» Required work
Given the records below, would you repeat exactly the lines that begin at the one containing "cute moon and" and end at the one containing "Women's Backless Halter", inclusive?

» Extracted records
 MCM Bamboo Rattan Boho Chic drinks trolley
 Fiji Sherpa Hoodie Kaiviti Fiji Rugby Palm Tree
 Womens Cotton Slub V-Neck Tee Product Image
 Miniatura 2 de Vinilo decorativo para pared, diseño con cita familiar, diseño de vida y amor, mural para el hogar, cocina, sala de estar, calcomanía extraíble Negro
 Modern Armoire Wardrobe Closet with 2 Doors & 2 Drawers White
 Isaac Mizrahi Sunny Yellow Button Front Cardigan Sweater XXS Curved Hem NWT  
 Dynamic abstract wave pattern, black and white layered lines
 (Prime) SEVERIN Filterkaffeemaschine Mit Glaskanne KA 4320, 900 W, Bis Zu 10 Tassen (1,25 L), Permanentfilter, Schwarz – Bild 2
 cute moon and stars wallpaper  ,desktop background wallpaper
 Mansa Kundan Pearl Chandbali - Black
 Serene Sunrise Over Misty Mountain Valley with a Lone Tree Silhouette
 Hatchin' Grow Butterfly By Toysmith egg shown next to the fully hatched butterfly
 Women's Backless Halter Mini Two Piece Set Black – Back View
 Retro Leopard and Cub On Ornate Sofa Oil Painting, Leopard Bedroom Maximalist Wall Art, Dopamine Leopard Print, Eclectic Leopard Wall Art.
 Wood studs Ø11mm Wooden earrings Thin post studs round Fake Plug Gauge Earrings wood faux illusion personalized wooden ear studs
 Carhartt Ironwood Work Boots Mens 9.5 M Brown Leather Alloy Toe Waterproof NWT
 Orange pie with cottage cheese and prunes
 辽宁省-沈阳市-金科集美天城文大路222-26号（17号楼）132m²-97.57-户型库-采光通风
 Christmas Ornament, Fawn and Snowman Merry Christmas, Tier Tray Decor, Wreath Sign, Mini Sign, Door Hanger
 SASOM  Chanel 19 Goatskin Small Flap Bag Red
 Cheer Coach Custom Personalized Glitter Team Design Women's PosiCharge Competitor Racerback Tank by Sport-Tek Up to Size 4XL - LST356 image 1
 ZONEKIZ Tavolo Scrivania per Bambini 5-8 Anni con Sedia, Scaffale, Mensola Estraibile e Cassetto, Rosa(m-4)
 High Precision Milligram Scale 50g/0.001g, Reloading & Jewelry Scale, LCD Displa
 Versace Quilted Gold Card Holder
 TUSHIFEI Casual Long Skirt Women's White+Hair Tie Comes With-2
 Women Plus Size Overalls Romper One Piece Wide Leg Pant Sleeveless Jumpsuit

» Response to this task
 cute moon and stars wallpaper  ,desktop background wallpaper
 Mansa Kundan Pearl Chandbali - Black
 Serene Sunrise Over Misty Mountain Valley with a Lone Tree Silhouette
 Hatchin' Grow Butterfly By Toysmith egg shown next to the fully hatched butterfly
 Women's Backless Halter Mini Two Piece Set Black – Back View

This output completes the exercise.